Он пытался реформировать, излечить больную нашу экономическую систему, которая не была нацелена на конечный результат. Все только и думали, как «освоить» государственные деньги. А если конечного результата не было, никто за это не отвечал. При Косыгине мы внедрили хозрасчет, мне тогда очень помогла моя профессия экономиста. В результате я зарабатывал по тысяче рублей в месяц вместе с премией. Прилично получали начальники участков, бригадиры, рабочие. Мы выполняли план в срок и не перерасходовали средства! Тогда у меня возникла крамольная по тем временам мысль: а что, если советский принцип экономики не лучше капиталистического?

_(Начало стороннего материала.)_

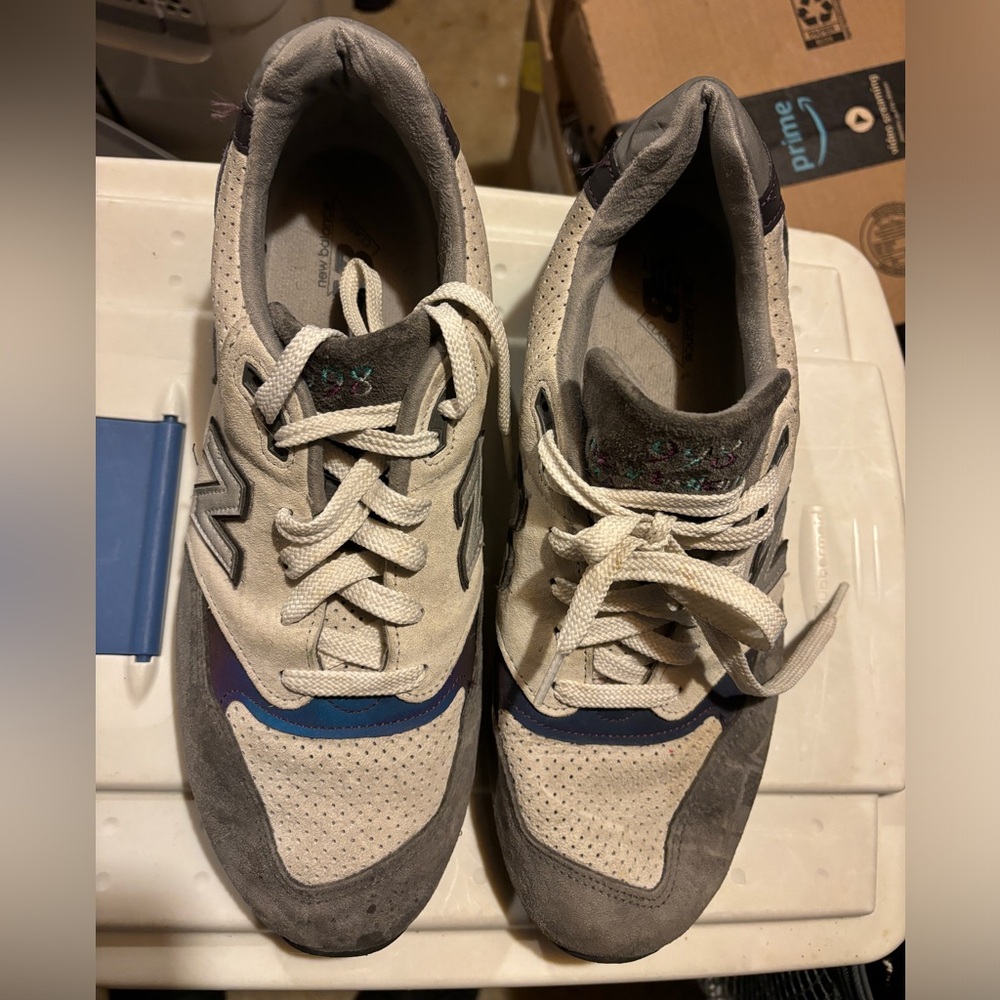New Balance Concepts x 998 Custom Design - Picture 6 of 8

Первый раз я увидел, что такое европейский капитализм, когда стал замначальника главка. Поехал во Францию в служебную командировку. Опущу эмоции от самой страны и магазинов, потому что более сильное впечатление произвели на меня местные стройки. Оказалось, при «загнивающем капитализме» строили французы лучше и экономнее. А любой экскаватор «Поклейн» увеличивал производительность труда в десятки раз. Одним словом, я тогда понял, что стройплощадки могут быть совсем-совсем другими. Но отгремела Олимпиада, и мы снова погрузились в застой, и все мои знания остались при мне. Строили тогда очень мало. Так было до самого 1985 года. Потом началась перестройка, а меня рекомендовали на должность главы «Главмосинжстроя». Правда, мое выдвижение чуть было не сорвалось, хотя меня и утвердили на эту должность на бюро МГК. Дело в том, что кабинет заведующего отделом строительства ЦК на Старой площади занял новый человек — Борис Ельцин.

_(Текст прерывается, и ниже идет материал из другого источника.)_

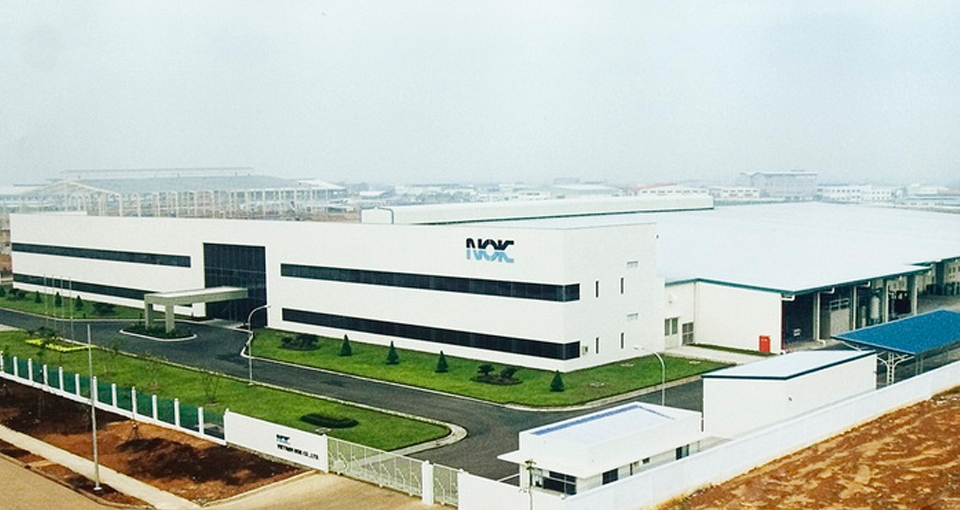 CÔNG TY TNHH VIỆT NAM NOK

— Да, мы общались. И даже жили в одном доме. Тогда Борис Николаевич был уже президентом. И дом тот он меня заставил достроить. Звонит как-то из машины: «Слушай, а что это за недостроенный дом на Осенней?» Я рассказал, что его строили для епархии академика Чазова, потом произошла непонятная история с бюджетом стройки, пока шло разбирательство, дом забросили. С тех пор и стоит. Он мне велел приехать, посмотреть на эту коробку и сказать ему: можно ли достроить дом так, чтобы президент с семьей мог там жить. Я тогда сильно удивился, убеждал его, что дом совершенно посредственный по планировке, нет спецсвязи, возникнут вопросы с охраной первого лица. Да и негоже президенту жить в таком месте. Тогда он мне признался: «Не хочу жить на улице Косыгина. Подумай, как достроить». Я поехал туда вместе с руководителем ФСО. Поглядели, подумали. В общем, проект переделали, получился нормальный дом с приличными планировками. А Ельцин сам решил, кто будут его соседи. Там тогда и Черномырдин жил, и Гайдар, и Тарпищев, и многие политики… Я и по сей день там живу. Семья Бориса Николаевича тоже. Но все это было потом.

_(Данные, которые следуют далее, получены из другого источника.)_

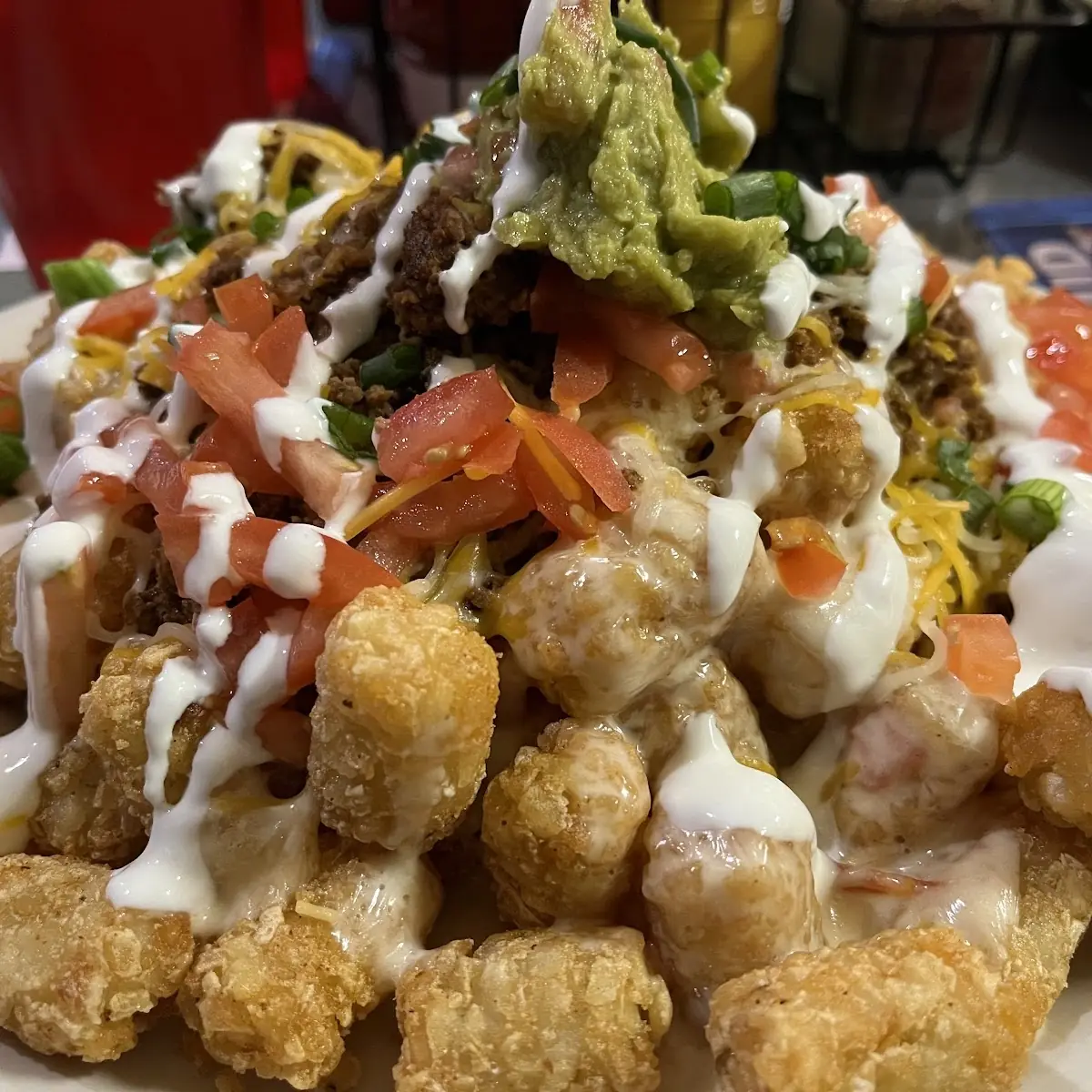 Tater Tots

А сначала, когда Ельцина перевели в Москву заведующим строительным отделом ЦК, он решительно взял бразды в свои руки. Настолько решительно, что все кадровые вопросы по московской «епархии» замкнул на себя. Так я попал между молотом и наковальней, между Гришиным и Ельциным.

Мое знакомство с Борисом Николаевичем было драматическим — тогда моя карьера чуть было не закончилась. Ельцин не хотел меня утверждать в новой должности, потому что формально нарушен был ряд процедурных моментов. Хотя причина, конечно, была глубже — нарушение субординации между всесильным первым секретарем МГК и ЦК. Когда мои документы в рабочем порядке поступили на Старую площадь к Ельцину, он отреагировал неожиданно: «Знать не знаю, кто такой Ресин! Мне его не представляли, в отделе и на секретариате мы его не рассматривали». Нашлись в аппарате ЦК люди, заступившиеся за меня. В результате Ельцин согласился меня принять для беседы. Его помощник предупредил, что встреча займет всего десять минут. Но говорили мы час — мне было что рассказать. «Мы тебя согласовываем. Я к тебе приеду», — сказал Борис Николаевич в конце беседы. Приехал через две недели. Поездка наша по строящимся объектам в Москве началась в восемь утра, закончилась в десять вечера. Он вникал во все тонкости… В тот день я понял: это наш будущий первый секретарь МГК.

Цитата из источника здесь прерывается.